* _Given records_
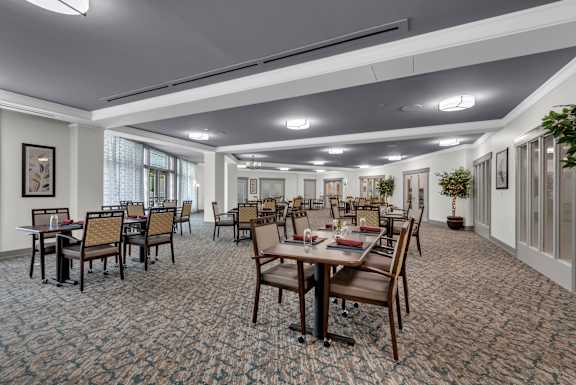 A large room with tables and chairs is set up for a meeting or event.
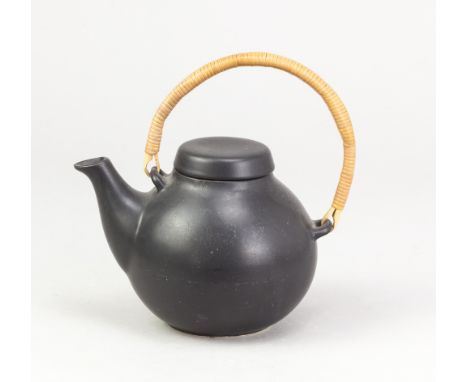 Arabia, Finland; a stoneware teapot with cane handle covered in black glaze, pottery stamp, height 18cm (including handle).Ad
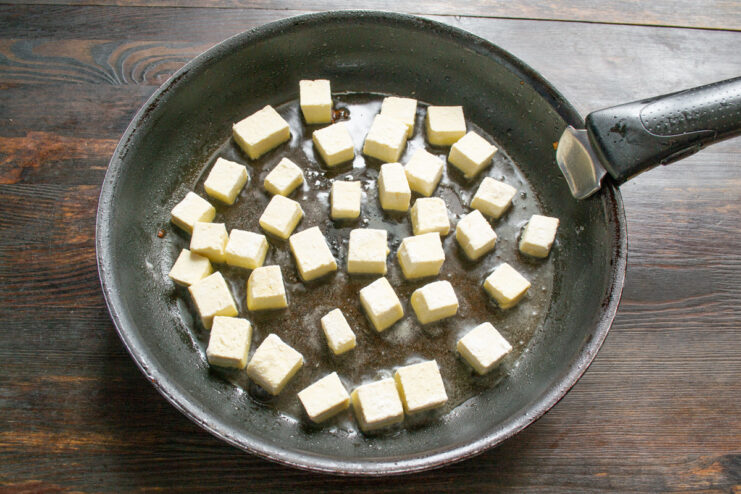 Frying Tofu Until Golden Brown Over High Heat Flour-coated tofu cubes frying in a hot pan to a golden brown color.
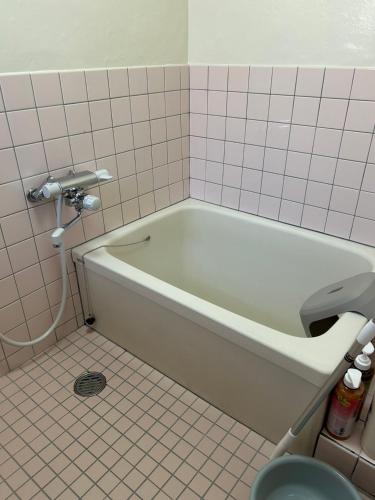a bath tub in a bathroom with a tiled floor at ゲストハウスぬっく in Tanabe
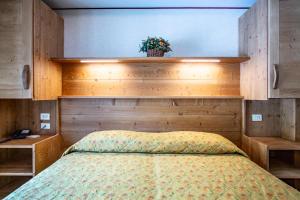 een slaapkamer met een bed met houten kasten en een plant bij Hotel Bijou in Valtournenche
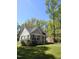 Quaint cottage-style home with a charming front porch surrounded by lush greenery on a sunny day at 8 Elaine Cir, Durham, NC 27703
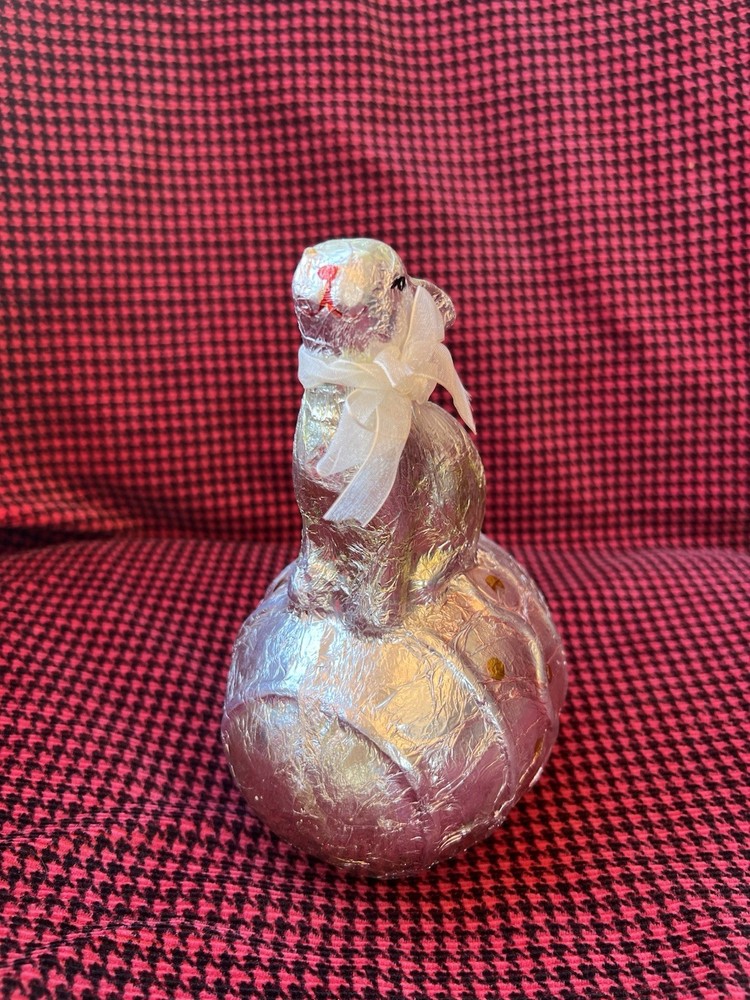 Faux Foil Large Easter Bunny sitting on an Easter Egg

* _Work request_
For this exercise, return the data above exactly and leave every picture out.

* _Completed exercise_
 A large room with tables and chairs is set up for a meeting or event.
 Arabia, Finland; a stoneware teapot with cane handle covered in black glaze, pottery stamp, height 18cm (including handle).Ad
 Frying Tofu Until Golden Brown Over High Heat Flour-coated tofu cubes frying in a hot pan to a golden brown color.
a bath tub in a bathroom with a tiled floor at ゲストハウスぬっく in Tanabe
 een slaapkamer met een bed met houten kasten en een plant bij Hotel Bijou in Valtournenche
 Quaint cottage-style home with a charming front porch surrounded by lush greenery on a sunny day at 8 Elaine Cir, Durham, NC 27703
 Faux Foil Large Easter Bunny sitting on an Easter Egg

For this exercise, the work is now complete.